I recently updated to the master branch on 08/03/2018, Pytorch version: 0.4.0a0+363de58
, so that I could take advantage of torch.tensor(data, ... , requires_grad=True)
. I went through some of the tutorials to ensure that I was getting equivalent answers.
However, I found that in the basic neural network autograd example that my loss functions were arriving at slightly different outcomes (out by a percent or so) despite using exactly the same initialisations. This only got worse as I changed the size of the initial parameters (losses were out by around 10% or more).
I also found that within the for loop, you can no longer do loss.backwards()

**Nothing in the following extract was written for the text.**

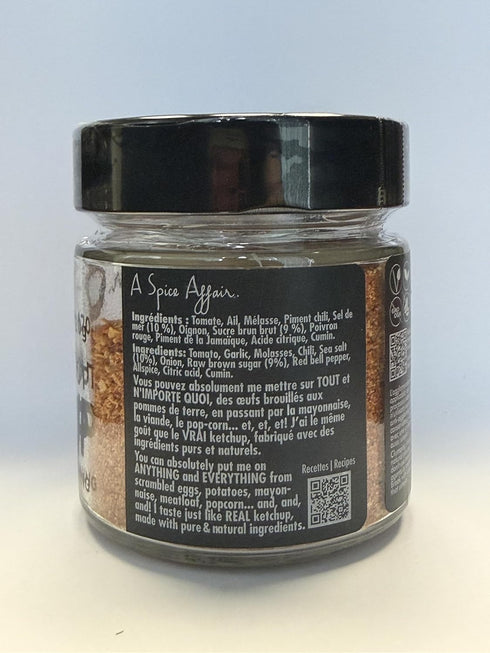 120 (4.2 oz) A Spice Affairs Everything Ketchup | Tangy, Sweet & Savoury Ketchup-Flavoured Seasoning Blend |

for more than one iteration. This is because the gradient weights get set to None
after the first iterations and you have to recast them as variables
or torch.tensors()
separately for each iteration.
In addition to this, the use of python
special methods, such as _iadd_
i.e w1 += learning_rate*grad_w1
or w1 -= learning_rate*grad_w1
is no longer possible as it returns: RuntimeError: a leaf Variable that requires grad has been used in an in-place operation.
I understand that as this has only been implemented recently the likelihood of bugs is high. It may also be because of me, but I can’t see my error, if it is me.
Please find the code to recreate this below. OS: Mac El Captain
, Python 3.6
, Pytorch version: 0.4.0a0+363de58
.
# -*- coding: utf-8 -*-
import torch
import copy
dtype = torch.FloatTensor
def simple_nn_torch():
'''
A simple nn in torch following the pytorch tutorial. Manually construct forward and backward pass
'''
# N, D_in, H, D_out = 64, 1000, 100, 10 #errors propagate much quicker with larger parameters. See output of
# both functions for, when parameters are varied. For example:
N, D_in, H, D_out = 6, 100, 10, 1
# Create random input and output data
x = torch.randn(N, D_in).type(dtype)
y = torch.randn(N, D_out).type(dtype)
# randomly intialize weights
w1 = torch.randn(D_in, H).type(dtype)
w2 = torch.randn(H, D_out).type(dtype)
w3 = copy.copy(w1)
w4 = copy.copy(w2)
# print('w1 init : ', w3)
# print('w2 init : ',w4)
learning_rate = 1e-6
for t in range(1):
# Forward pass : compute predicted y
h = x.mm(w1)
h_relu = h.clamp(min=0)
y_pred = h_relu.mm(w2)
# compute and predict the loss
loss = (y_pred - y).pow(2).sum()
# print(t, loss)
# Backprop to compute the gradients of w1 and w2 wrt loss - building the autodiff computation graph
grad_y_pred = 2.0 * (y_pred - y)
grad_w2 = h_relu.t().mm(grad_y_pred)
grad_h_relu = grad_y_pred.mm(w2.t())
grad_h = grad_h_relu
grad_h[h < 0] = 0
grad_w1 = x.t().mm(grad_h)
# update the weights using the gradient descent
print(t)
print(grad_w1)
print(grad_w2)
w1 -= learning_rate*grad_w1
w2 -= learning_rate*grad_w2
print(' the loss with manual backprop {}'.format(loss))
return x, y, w3, w4
def simple_nn_torch_with_ag(x,y,w1,w2):
'''
A simple nn in torch following the pytorch tutorial - with autograd
'''
# N, D_in, H, D_out = 64, 1000, 100, 10 not needed as data is been passed from above.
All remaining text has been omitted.